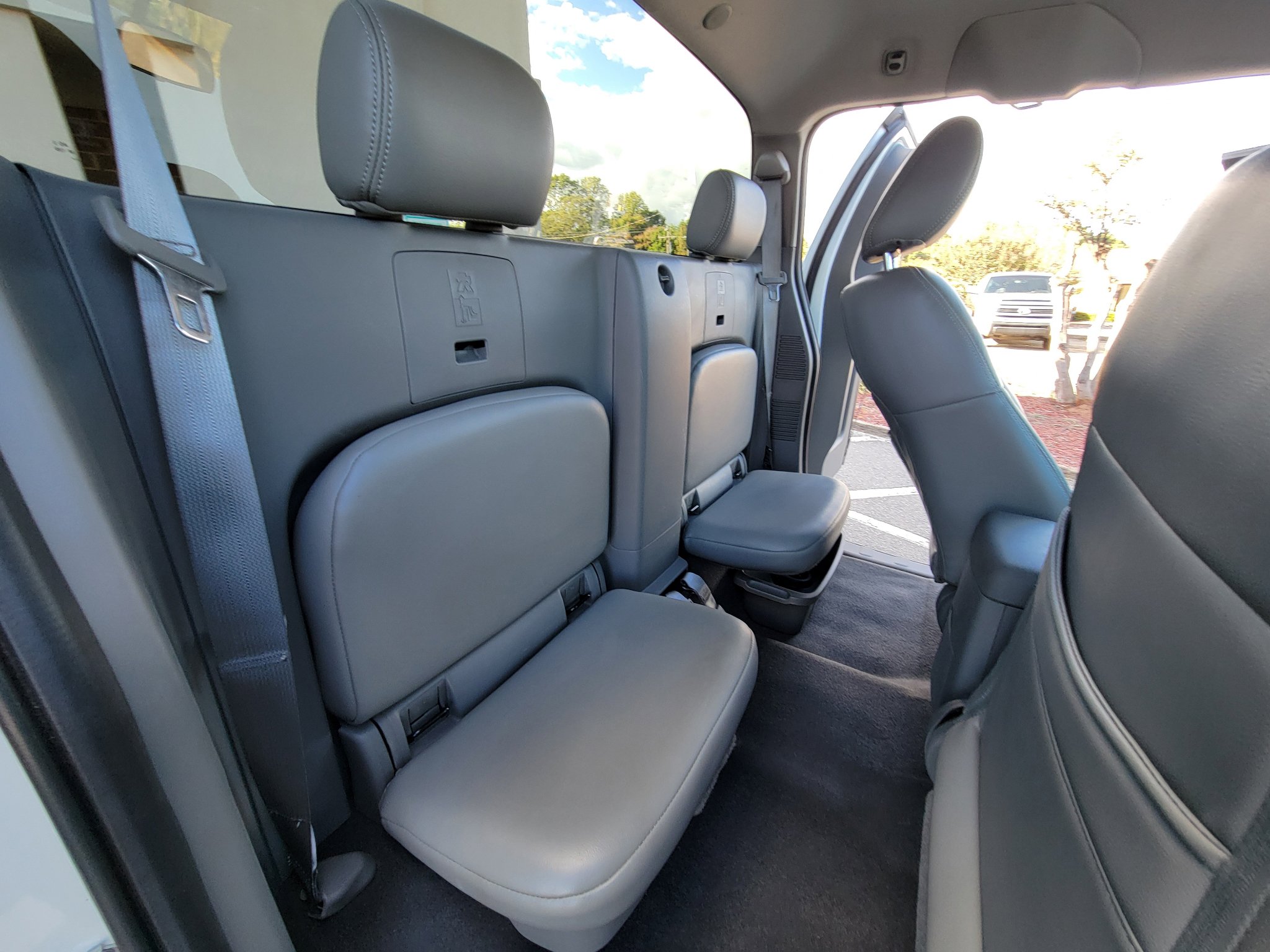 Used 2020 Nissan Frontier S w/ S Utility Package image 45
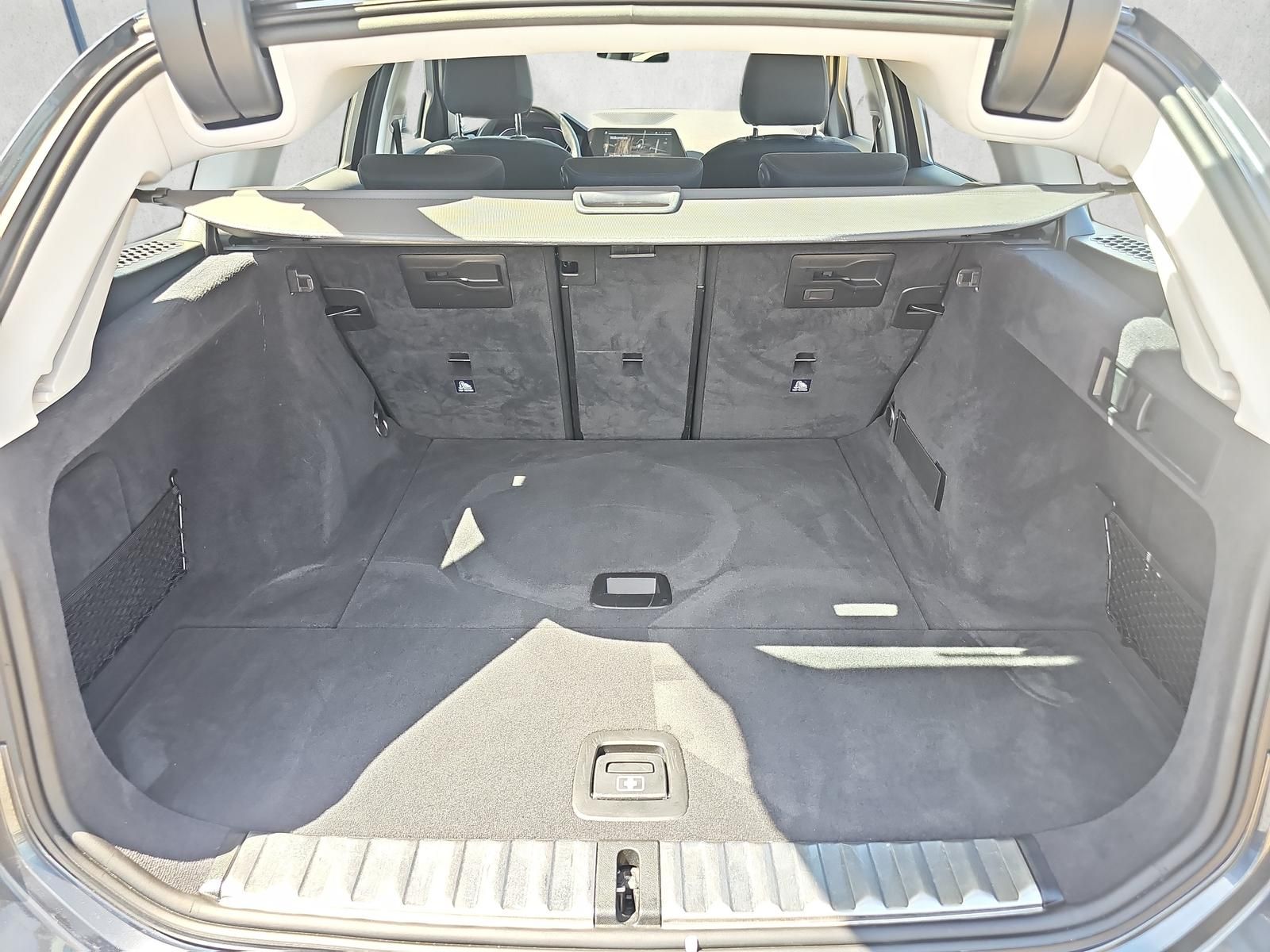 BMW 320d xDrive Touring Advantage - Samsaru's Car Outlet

* * *

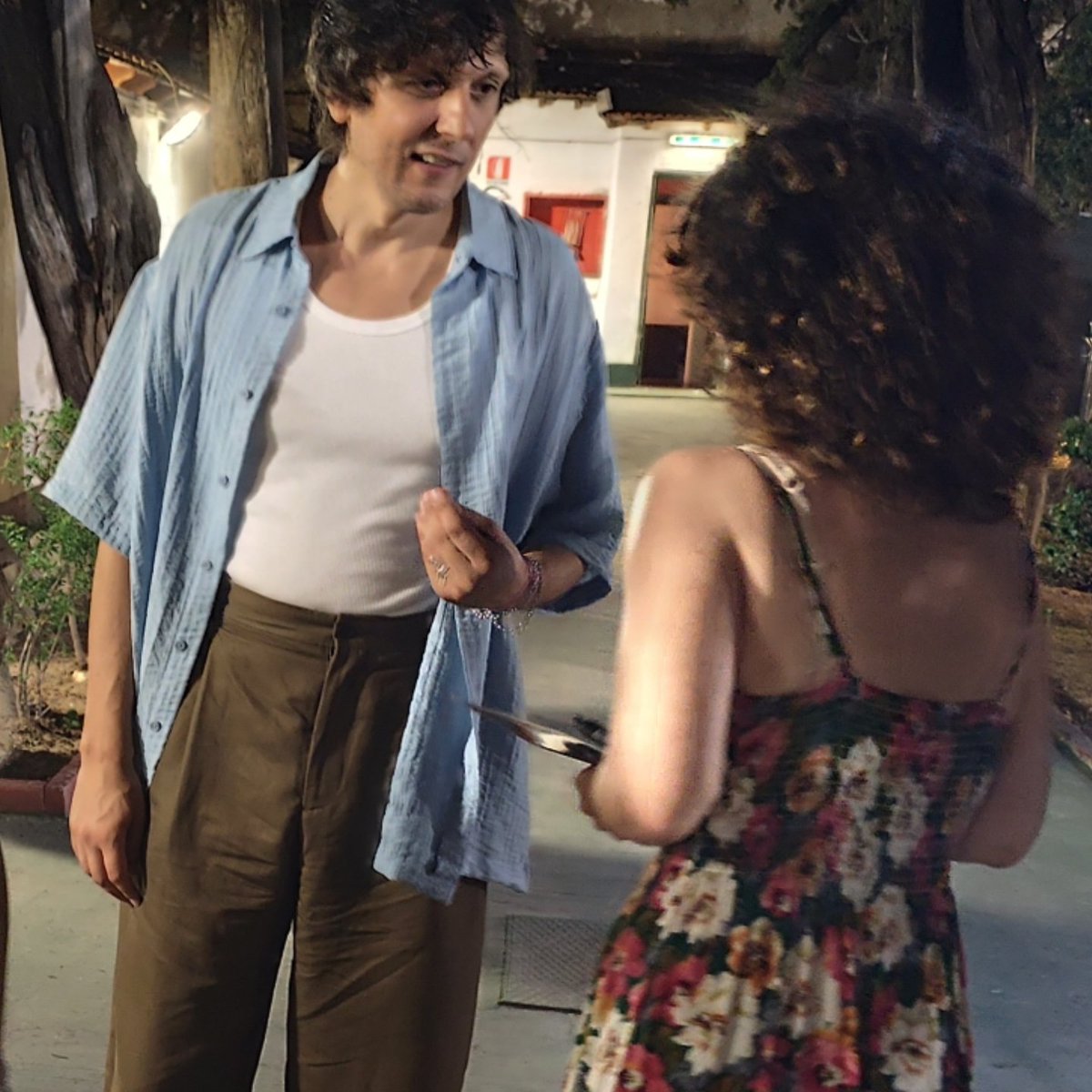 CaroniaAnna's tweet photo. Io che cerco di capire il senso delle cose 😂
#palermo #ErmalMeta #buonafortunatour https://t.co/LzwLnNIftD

---

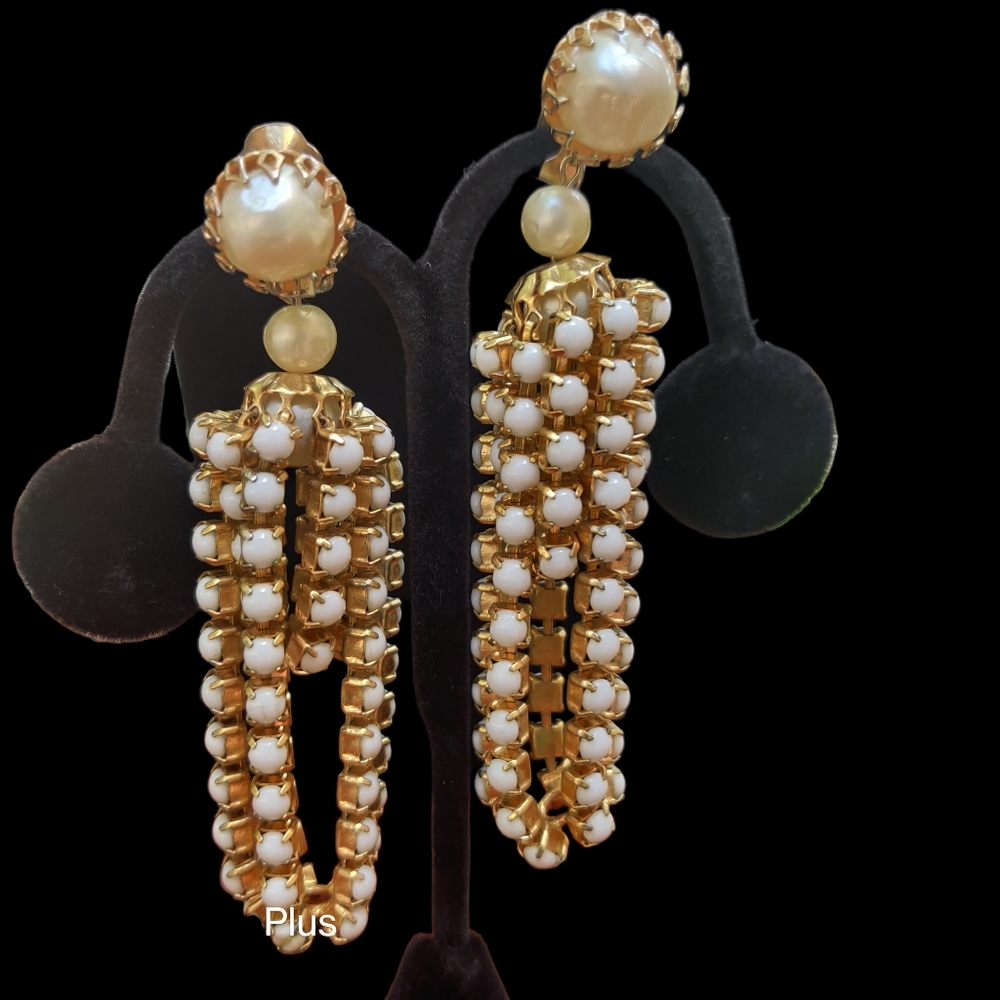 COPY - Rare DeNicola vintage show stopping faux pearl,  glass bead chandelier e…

● **TASK TO CARRY OUT**: Whatever pictures the records hold, omit them; give again exactly the lines from the one containing "Used 2020 Nissan" through the one containing "BMW 320d xDrive".

● **OUTPUT FOR THIS EXERCISE**:
 Used 2020 Nissan Frontier S w/ S Utility Package image 45
 BMW 320d xDrive Touring Advantage - Samsaru's Car Outlet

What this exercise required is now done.